Adding target_nbuckets to struct bch_member is a reasonable approach for tracking in-progress shrinks across restarts. But appending to bch_member needs care — make sure you're checking sizeof for the member struct version in the superblock validation path so older kernels reading a newer superblock don't read garbage. (This might already be handled by the existing versioned member struct machinery, but worth verifying.)

The evacuation loop:

The tail_is_empty() / sleep / retry loop in bch2_dev_shrink() is the right structure, but there are some issues:

  • The TODO about cached data is a real problem. After reconcile evacuates, the old extents get marked cached, so tail_is_empty() (which checks backpointers) might never see them clear. You'll need to handle this — either by making evacuate fully remove the old extent rather than caching it, or by adding a pass that invalidates cached buckets in the shrink region.

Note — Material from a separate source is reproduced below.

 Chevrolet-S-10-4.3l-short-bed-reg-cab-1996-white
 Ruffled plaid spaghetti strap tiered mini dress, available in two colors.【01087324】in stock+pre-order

  • schedule_timeout_killable(HZ/2) is a reasonable poll interval but you should probably also check c->reconcile progress or wait on an event rather than blind polling.

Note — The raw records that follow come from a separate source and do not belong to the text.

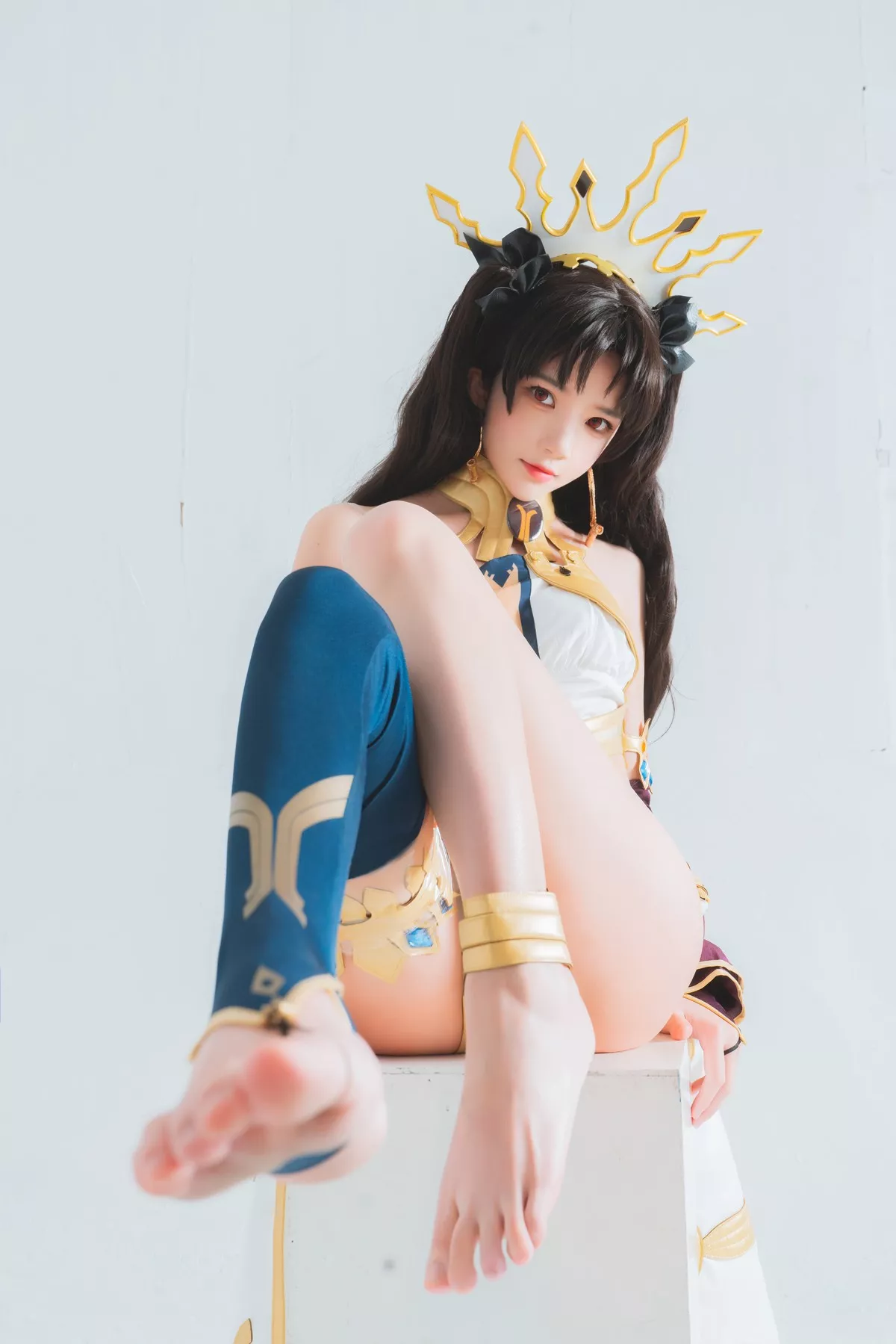 Xgyw.Org_网络美女桜桃喵弓凛Cos主题私房性感白色服饰秀完美身材翘臀美腿迷人诱惑写真44P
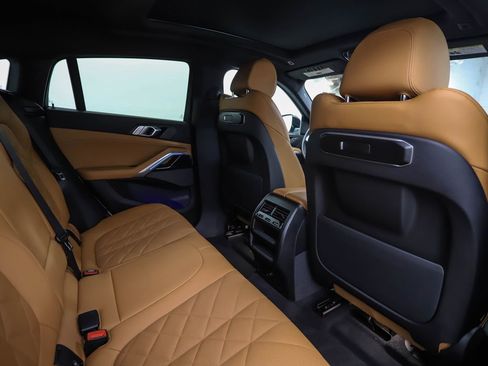 Certified 2024 BMW X6 xDrive40i w/ Premium Package image 27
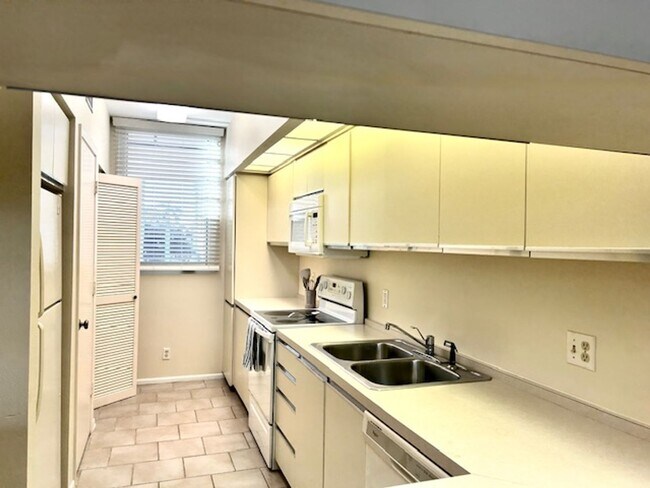 Building Photo - 2026 BEACH RENTAL- 2/2 Condo WITH PRIVATE ENTRY - BEACH PLACE - STEPS THE BEACH!!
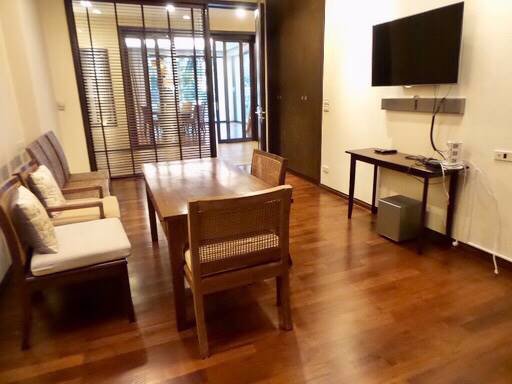 บ้านเดี่ยวขนาดใหญ่มาก-เพื่ออยู่อาศัย-ในซอยสุขุมวิท-71-a-big-single-house-with-nice-garden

  • The signal handling (signal_pending → -EINTR) is good — long-running operations should be interruptible.

Allocation cutoff:

if (unlikely(ca->mi.target_nbuckets && bucket >= ca->mi.target_nbuckets)) {

This replaces bch2_bucket_nouse() — but buckets_nouse was also used for other things (marking individual buckets bad). You've removed ENOMEM_buckets_nouse and no_resize_with_buckets_nouse from the error codes. Make sure nothing else was relying on that bitmap.

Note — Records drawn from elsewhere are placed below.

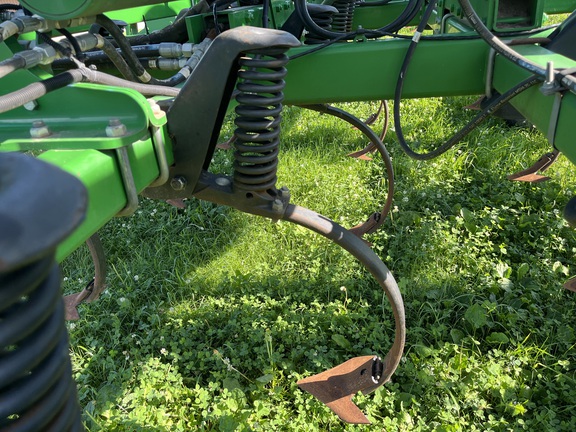 2015 John Deere 2210 Field Cultivator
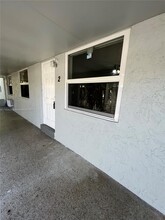 122 NW 6th Ave in Dania Beach, FL - Foto de edificio - Building Photo
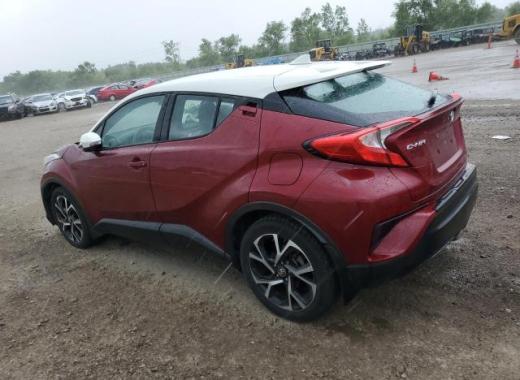 Toyota  - C-Hr  - 2018 - Red - 56028784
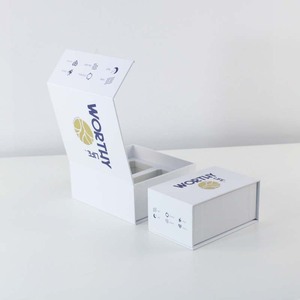 Hot Stamping Logo Customized Premium Cardboard Magnetic Closure Lid Gift Box for Packaging - Product Image 2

bch2_ptr_bad_or_evacuating_rcu:

This inline function does a division (div_u64(ptr->offset, ca->mi.bucket_size)) in what can be a hot path. Consider whether you can precompute the cutoff sector instead.

Commented-out code:

The __bch2_dev_resize_alloc block is commented out with a TODO. Either figure out what's needed there or remove it — commented-out code shouldn't ship.

Style nits:

  • Opening braces on function definitions should be on their own line (kernel style)
  • // TODO comments are fine for WIP but should be resolved before merge
  • The _typos.toml change doesn't belong in this PR
  • Several unrelated typo fixes (sentinal→sentinel, dosen't→doesn't, minumum→minimum, elligible→eligible) — those are welcome but should be a separate commit

Testing:

Good that you have ktest tests for this: https://github.com/jullanggit/ktest/tree/shrink. Consider adding cases for:

  • Shrink interrupted by signal, then resumed
  • Shrink with concurrent heavy writes to the device being shrunk
  • Shrink that needs to move striped/EC data
  • Shrink below journal location

Overall this is solid WIP. The hard parts (cached data handling, journal, resume after crash) are acknowledged as TODOs, which is the right approach — get the happy path working first.

— ProofOfConcept

@koverstreet koverstreet force-pushed the master branch 2 times, most recently from 6303f5b to 990d039 Compare March 14, 2026 03:32
@jullanggit
Copy link
Copy Markdown
Author

Thank you for the review! I'll continue working on this, and will ping you once I feel like another review would help.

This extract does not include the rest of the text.